= Problem to work on =
Using the data below, print exactly the line with "bedroom with ceiling", the line with "unfurnished bedroom featuring", and every line between them, but none of the pictures.

= Exercise input =
+ + + + +
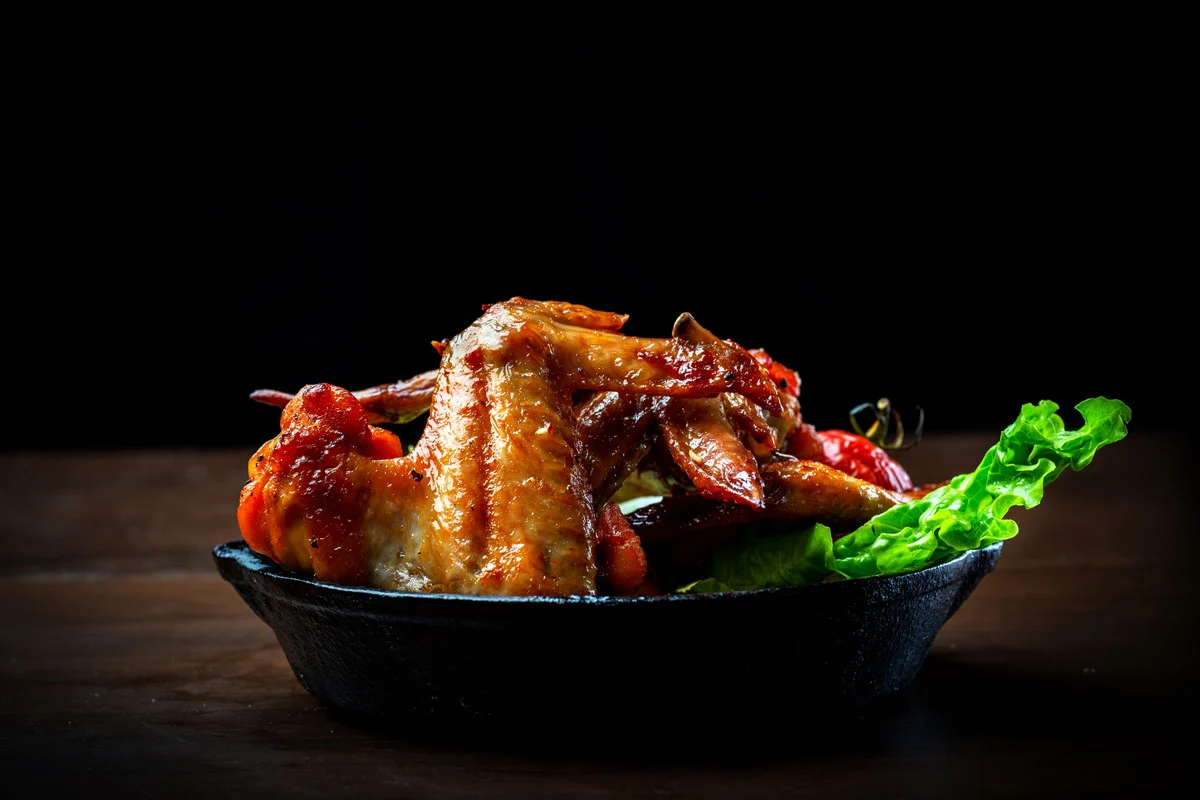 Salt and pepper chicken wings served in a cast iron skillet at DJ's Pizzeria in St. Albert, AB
+ + + + +
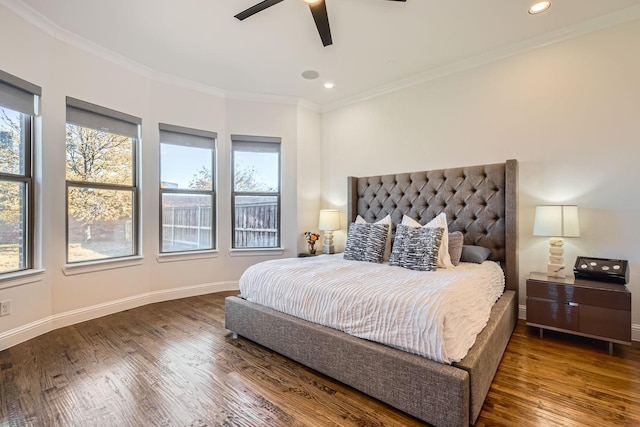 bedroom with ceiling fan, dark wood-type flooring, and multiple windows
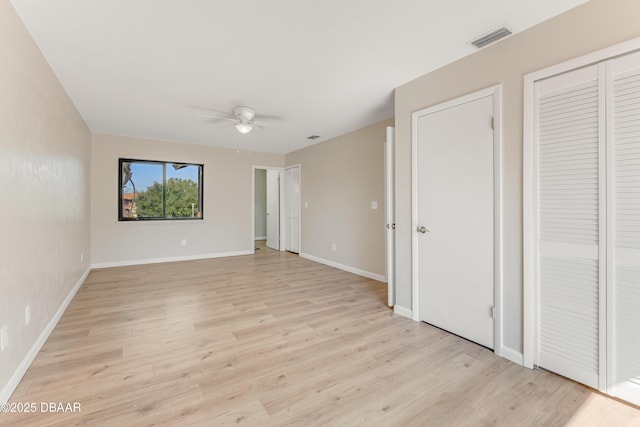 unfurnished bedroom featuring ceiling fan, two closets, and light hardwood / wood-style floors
+ + + + +
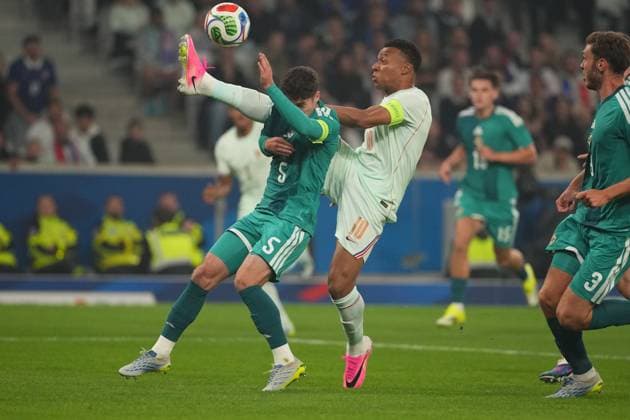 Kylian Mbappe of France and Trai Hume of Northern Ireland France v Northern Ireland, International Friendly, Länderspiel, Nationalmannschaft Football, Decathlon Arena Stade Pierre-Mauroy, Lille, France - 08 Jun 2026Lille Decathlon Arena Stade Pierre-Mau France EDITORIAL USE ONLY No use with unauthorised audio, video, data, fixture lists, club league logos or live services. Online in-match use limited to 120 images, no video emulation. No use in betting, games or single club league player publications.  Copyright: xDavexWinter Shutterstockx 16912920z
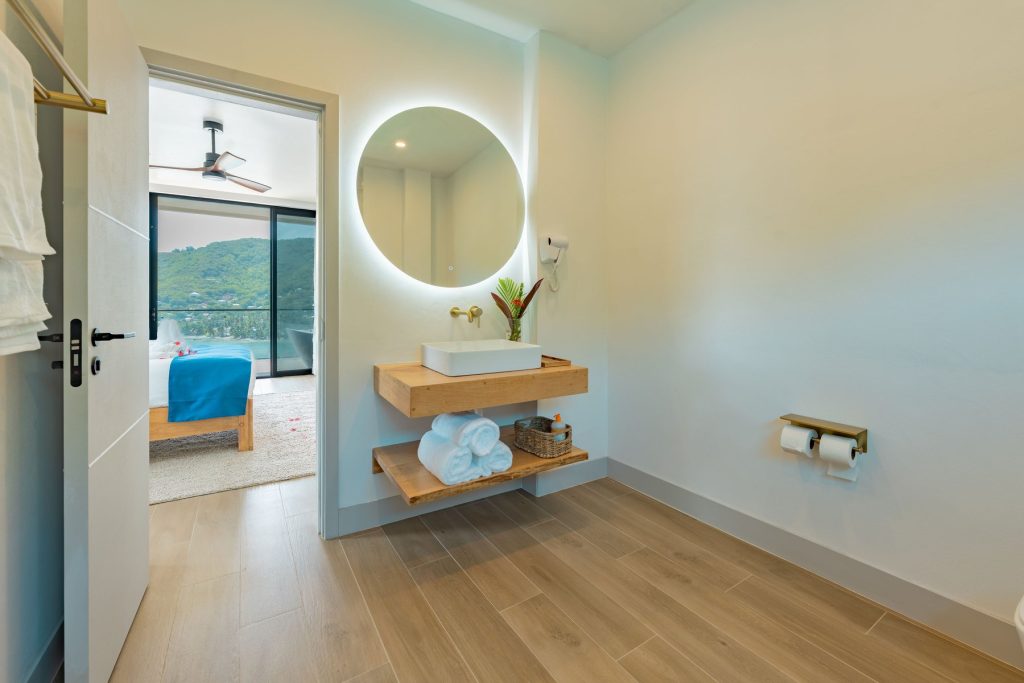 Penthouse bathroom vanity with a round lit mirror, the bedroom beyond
+ + + + +
= Answer section =
 bedroom with ceiling fan, dark wood-type flooring, and multiple windows
 unfurnished bedroom featuring ceiling fan, two closets, and light hardwood / wood-style floors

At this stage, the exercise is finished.